Ein anderer Punkt, warum sich der Gesetzgeber um einen klar definierten Mindestabstand drückt: Wenn die 1.5m ausdrücklich vorgeschrieben wären, dann könnte man nicht mehr weiter gefährliche, schmale Schutzstreifen einrichten, bei denen Autofahrer auf der Spur daneben nicht ohne Spurwechsel den vorgeschriebenen Abstand einhalten können.
Habe gehört dass in USA vereinzelt sogar Polizeiräder mit Abstandsradar ausgerüstet sind. Bei unterschreitung von 3 Foot (~1. meter) gibt es Strafzettel. Sollte man hier auch machen. Am besten mit „Zivil“-Fahrradcops
Ja, die Meldung ging kürzlich mal rum. Ein Berliner Schüler hat ein ähnliches System entwickelt und ist damit gerade unterwegs…
Mir erzählte ein Tourguide in Spanien, dass den Fahrschülern beigebracht wird, das ein Radfahrer wie ein Auto behandelt werden muss. Da heißt, dass das Überholen nur auf der anderen Fahrpur passieren kann. Und so entspannt fährt es sich auch Fahrrad in Spanien und deckt sich gut mit 1,5m Abstand.
Hört sich gut an!
Lassen Sie mal ein Autofahrer schätzen wieviel 1,50 mtr. sind oder fragen Sie mal ein Fahrzeugführer wie breit sein Wagen ist – Sie werden feststellen, dass sich nahezu jeder maßlos verschätzt!
Ich finde die Argumentation der BundesReg verblüffend ausweichend, um es vorsichtig zu formulieren. Mit mehr Misstrauen könnte man auch sagen, es handele sich um eine klassische Strohpuppen-Argumentation:
Selbstverständlich ist es äußerst sinnvoll, einen unbestimmten Rechtsbegriff wie „ausreichend“ zu verwenden, um soweit wie möglich jeder konkreten Situation abstrakt Herr zu werden. Man darf dabei nicht vergessen: Das ist keine Einbahnstraße. Ich darf mich an den ganzen – wie immer – hauptsächlich im Weg stehenden Blechkolonnen auf einem mir gnädigerweise rechts zwischen Auto und Bordstein über gelassen Stückchen Stadt vorbeiquetschen, weil in diesem Fall ein Abstand von wenigen Zentimetern zwischen mir (langsam) und dem Auto (stehend) durchaus noch „angemessen“ ist. Ärgerlich für mich, weil ich kaum vorwärts komme. Aber nicht verboten, so dass ich gar nicht vorwärts käme.
Es ist auch nicht falsch, die konkrete Ausgestaltung an konkreten Lebensituationen denen zu überlassen, deren Aufgabe die Bewertung konkreter Lebensituationen ist, nämlich den Gerichten. Als guter Gesetzgeber macht man das alles schon so.

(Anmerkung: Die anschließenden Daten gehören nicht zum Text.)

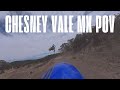 YZ250 POV @ Chesney Vale MX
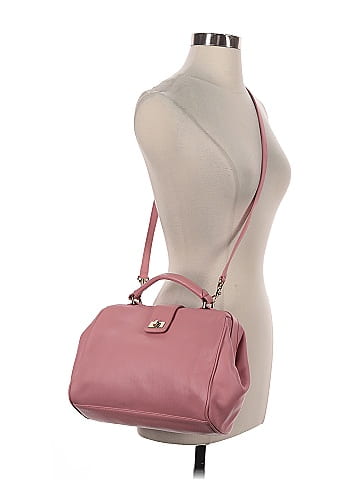 Talbots Leather Satchel (view 2)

Gegen die abstrakte Regelung ist also nichts zu sagen. Sie ist nötig und sinnvoll. Genau das aber ist gar nicht die Frage (deswegen „Strohpuppe“).
Es spricht nämlich nichts dagegen, diese abstrakte Regelung um konkrete Fallbeispiele zu ergänzen. Auch dies ist tägliche Übung unserer Gesetzgebung und der Bundesregierung ganz sicher nicht unbekannt.
Das kann z.B. so aussehen (mal aus der holen Hand geschüttelt):
Das einfachste von der Welt.
Und das dann vielleicht noch kontrollieren. Wenigstens selten. Und es wäre sehr, sehr viel erreicht.